Der Androzentrismus ist in der Religionsgeschichte omnipräsent. Seine wichtigste Funktion besteht darin, Herrschaftsordnungen, die von Männern dominiert werden, religiös abzusichern. Dass man sich Gott als Vater im Himmel vorstellt, und dass die sich auf ihn berufenden - religiösen wie weltlichen - Herrscher Männer sind, bedingt sich gegenseitig. Die religiöse Grundstruktur patriarchalen Denkens hängt eng mit Fortpflanzung und Sexualität zusammen und nicht nur in den Augen der Kirchenväter verkörpern Frauen die "Lockspeise des Satans". Jungfräulichkeit zum Ideal zu stilisieren, lässt sich leicht als eine männliche (Un)Reinheitsfantasie erkennen, die jedoch die Pflicht zum Kindergebären als Gegenstück benötigt, um die menschliche Arterhaltung nicht zu gefährden. Erst in der Doppelung aus Jungfrau und Mutter erwächst der Frau ihre spezifische Würde (mulieris dignitatem), so Johannes Paul II. bei der Ausrufung des marianischen Jahres 1987/88.

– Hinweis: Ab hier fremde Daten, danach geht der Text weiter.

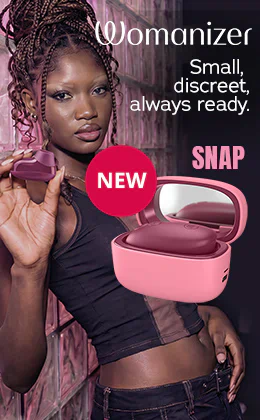 There is a woman on the left-hand side and she is holding a pink Womanizer SNAP in her hand. The Womanizer SNAP is a discreet stimulator for clitoral stimulation.‚ An open pink charging case can also be seen next to it. The words “Womanizer SNAP” and “Small, discreet, always ready” are on the right-hand side. The word “NEW” can be seen at the top. There is also a red button at the bottom with the text “Give it to me »”.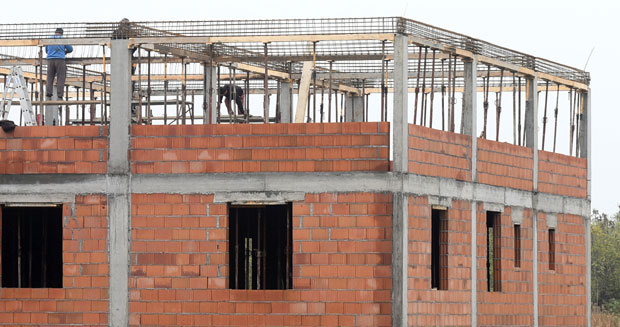 Обрушио се зид на градилишту у Миријеву, нема повређених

In allen konservativen Traditionen haben Fromme viele Kinder und Probleme mit nichtreproduktiver Sexualität "just for fun". Je öfter Frauen gebären, umso länger dauert die Zeit ihrer Vulnerabilität, in der Männer bei ihren Führungsaufgaben unter sich und ohne Konkurrenz bleiben. Wegen der engen Verbindung zwischen Religion und Leben wurde die Entkriminalisierung des Sexualverhaltens zu einem Hauptkampffeld der Auseinandersetzung um die traditionelle Werte der Kern- oder Gattenfamilie. Aber auch außerhalb der Familien- und Sexualpolitik dienen ideologische Argumente dazu, egoistischen Bedürfnissen den Anschein eines allgemeinen Interesses zu geben.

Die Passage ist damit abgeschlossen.